A very important domain in video surveillance systems is object identification. This is a phase that comes after the moving object detection and moving object tracking blocks. After designing the intelligent software capable of extraction of moving objects from video sequence without any aside intervention, the next problem to be solved is how to train the system to identify the detected object and report its identification automatically. That is why shape recognition has its theoretical and practical importance in image processing and computer vision.

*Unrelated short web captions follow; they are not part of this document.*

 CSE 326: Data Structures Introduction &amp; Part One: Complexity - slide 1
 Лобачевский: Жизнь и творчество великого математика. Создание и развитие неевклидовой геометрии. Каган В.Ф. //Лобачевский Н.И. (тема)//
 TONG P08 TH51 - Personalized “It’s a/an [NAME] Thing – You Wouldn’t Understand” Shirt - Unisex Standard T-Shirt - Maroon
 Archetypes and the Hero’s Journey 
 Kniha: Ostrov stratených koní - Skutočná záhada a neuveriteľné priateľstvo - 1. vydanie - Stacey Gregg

Many authors have done research in the shape resemblance domain (Schwartz, 1984), (Shapiro, 1982), (O’Rourke, 1985), (Hong, 1988), (Cox, 1989), (Avis, 1983), but these methods are position, range scale and orientation dependent. They are not metrics and are also complicated from computational point of view. Some of these methods (Schwartz, 1984) and (Cox, 1989), apply only to convex polygons and that additionally restricts the proposed algorithms. Huttenlocher and Kedem in (Huttenlocher, 1990) develop the method that computes a distance between two shapes based on the Hausdorff metric. Their metric compares polygonal shapes independently of affined transformation. Some of the proposed algorithms as in (Wolson, 1987) use the curvature function as a shape signature. The methods presented in (Schwartz, 1984), (Shwartz, 1987) and (Arkin, 1991) have a similar approach. They are all based on convolution.

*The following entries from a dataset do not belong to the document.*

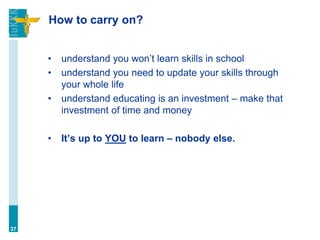 How to carry on?
• understand you won’t learn skills in school
• understand you need to update your skills through
your whole life
• understand educating is an investment – make that
investment of time and money
• It’s up to YOU to learn – nobody else.
37
 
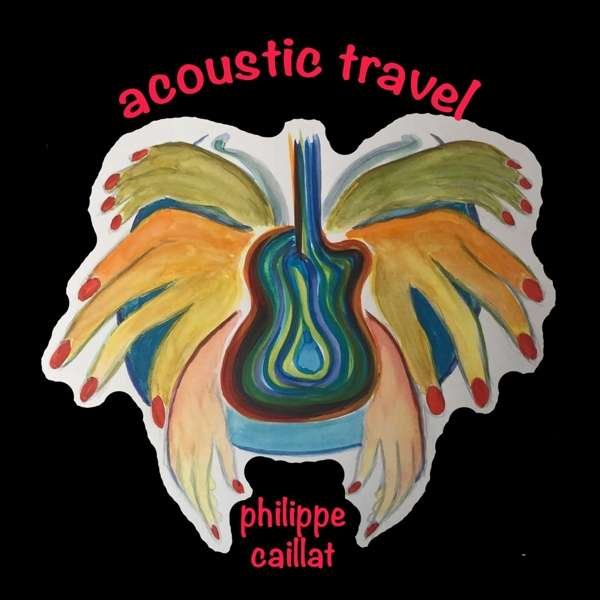 CD Shop - CAILLAT, PHILIPPE ACOUSTIC TRAVEL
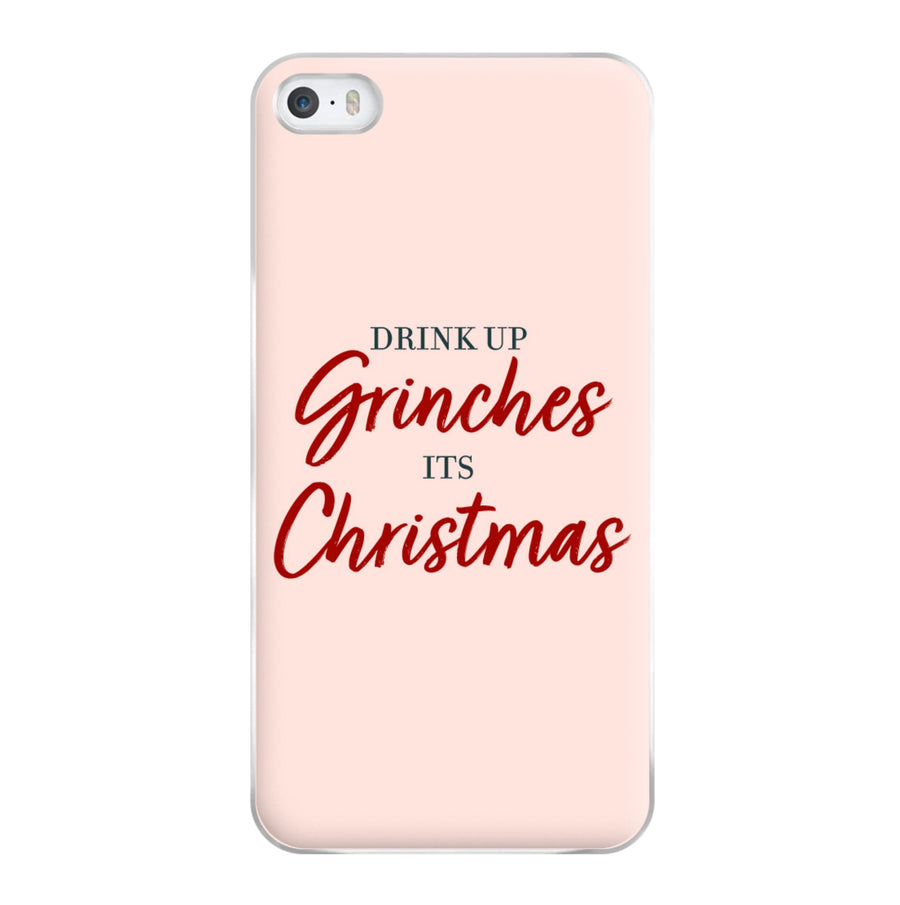 Drink Up Grinches - Grinch Phone Case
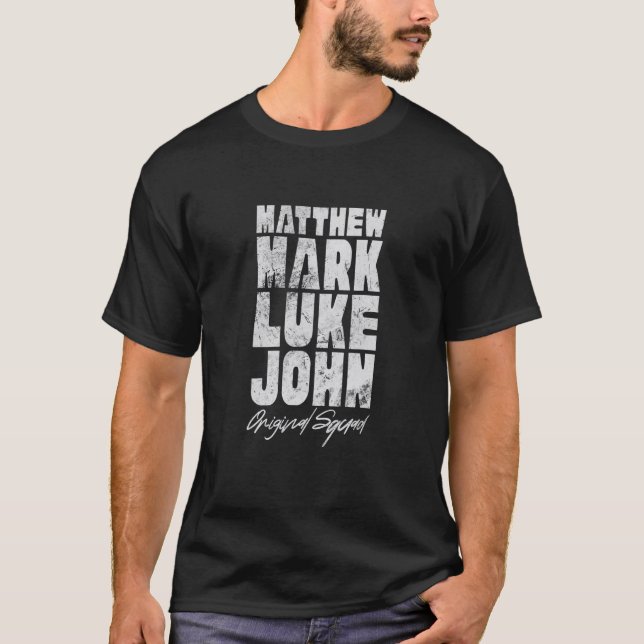 T-shirt Matthew Mark Luke John Original Squad Bible Christ (Devant)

The authors in (Arkin, 1991) represent the simple polygon boundary with the turning function that measures the angle of the counterclockwise tangent as a function of the arc-length, measured from some reference point on polygon’s boundary. The turning function represents the angle that the tangent at the reference point makes with some reference orientation associated with the polygon (such as the x-axis). It keeps track of the turning that takes place, increasing with left-hand turns and decreasing with right-hand turns. The metric proposed in (Arkin, 1991) turns out to be very problematic for noisy and destroyed shapes.